§ **Data segment**

════════

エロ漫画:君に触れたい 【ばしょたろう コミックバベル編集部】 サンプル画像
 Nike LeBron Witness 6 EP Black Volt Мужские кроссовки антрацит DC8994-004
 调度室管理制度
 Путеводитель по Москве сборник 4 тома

════════

§ **Exercise instructions**
What is needed is an exact copy of the lines from the one holding "Nike LeBron Witness" through the final line of the material.

§ **Response for this exercise**
 Nike LeBron Witness 6 EP Black Volt Мужские кроссовки антрацит DC8994-004
 调度室管理制度
 Путеводитель по Москве сборник 4 тома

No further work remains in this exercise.